Heres to the guy who asked for useless junk he can afford.
what are you talking about? this is clearly useful. i wont have it!
tryett
August 18, 2010, 7:38pm
22
12.99 with free shipping at buy.com .
someone have this?
how similar is this to an electricians tote, i need one but dont want to pay the $80 for the ones ive seen
cant find a different product picture on google
Pretty sure this is a pouch you put on a tool belt, not a stand-alone tote…
I’m doing my part…I have purchased one to give to an unsuspecting family member as his Christmas present. I am sure it is just what he needs.
Bought this from Daily Steals a few months ago - High quality, and much cheaper than similar tool belts from Lowe’s and Home Depot. Great Price…
Anyone know the material it’s made out of? My husband could actually use this at work
Enlarged picture is pretty obviously nylon.
Anyone know the material it’s made out of? My husband could actually use this at work
[edit] Looks like nylon, reinforced with ballistic nylon. Tough stuff.
Tool holder, you say? GIMMEH!!!
Woot can be strange. I’ve purchased over 50 different WOOTS, shirts, wine, kid’s stuff…and they didn’t send me the COUPON…I have no Serendipity in my life…it won’t work for ME
sno719
August 18, 2010, 7:40pm
30
I got one! I am gonna try using it to hold my empties after shootin skeet.
I wonder if my Stanley-brand tripod flash light would fit in one of these?
@rmallon Your wife/girlfriend is also into woodworking? That’s awesome.
This gift for your significant will be cherished for minutes to come.
throw in some tools I would buy it… wait maybe not.
I would too. Well not tools but maybe some Crap.
In for one. Can easily make my $8 back 5 years from now when it’s in the yard sale.
Maybe this bartender could have used one of these:
A duck waddles into a bar and hops on a stool. The bartender snarls, “What’ll you have?”
The duck says, "Got any grapes?"
The bartender spits and says "We don't have grapes here, we serve drinks, now get out!"
The duck hops off the stool and waddles out.
The next day, the same duck waddles into the same bar, hops on a stool, looks the bartender in the eye and asks, "Got any grapes?"
The bartender, irritated, says, "I told you yesterday we don't serve grapes here, we serve drinks, now GET OUT!"
The duck hops off the stool and waddles out.
The next day, the same duck waddles into the same bar and hops on a stool, looks at the bartender, and asks, "Got any grapes?"
The bartender, infuriated, pounds his fist on the bar and yells at the duck, "I told you two times we don't serve grapes here, we serve drinks! If you ask me that ONE
MORE TIME I'm going to nail your beak to the bar! NOW GET OUT!"

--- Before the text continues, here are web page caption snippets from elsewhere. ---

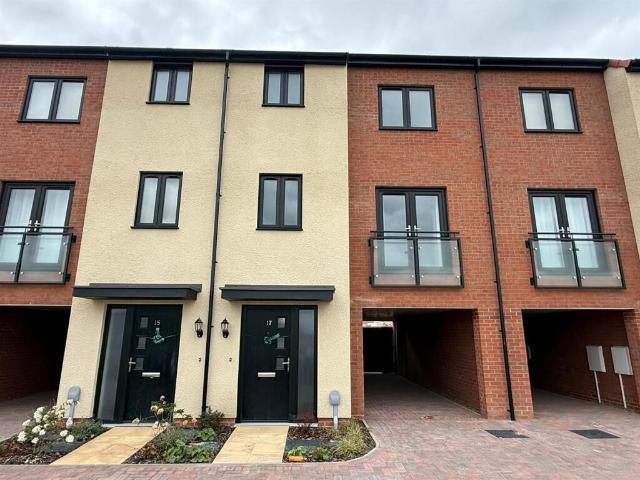 Epping Drive, Peterborough PE7, 3 bed property to rent, £1,225 pcm | PrimeLocation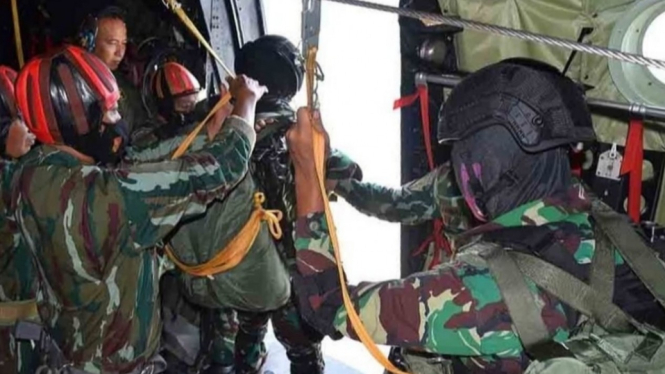 VIVA Militer: Prajurit Denhanud 477 Kopasgat terjun di Pulau Natuna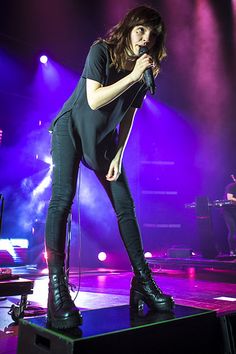 Picture of Lauren Mayberry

With that, the duck shrugged, hopped off the stool and waddled out.
The next day, the same duck waddled into the same bar, hopped on a stool, looked the bartender in the eye and asked, "Got any nails?"
The bartender, puzzled, said no.
The duck then looked him square in the eye and said, "Got any grapes?"
[edit] Looks like nylon, reinforced with ballistic nylon. Tough stuff.
You mean knock off Chinese ballistic nylon? Looks pretty tough, but it unravels like your mother’s favorite wool sweater with the first rip.
Useless item in the case of 97.63% of the people looking at it + shipping that cost more than that useless item =…
FAIL ?
NO?
what!?
I’m in for one, great Christmas present.
This would go great with my Stanley fat max tape measure.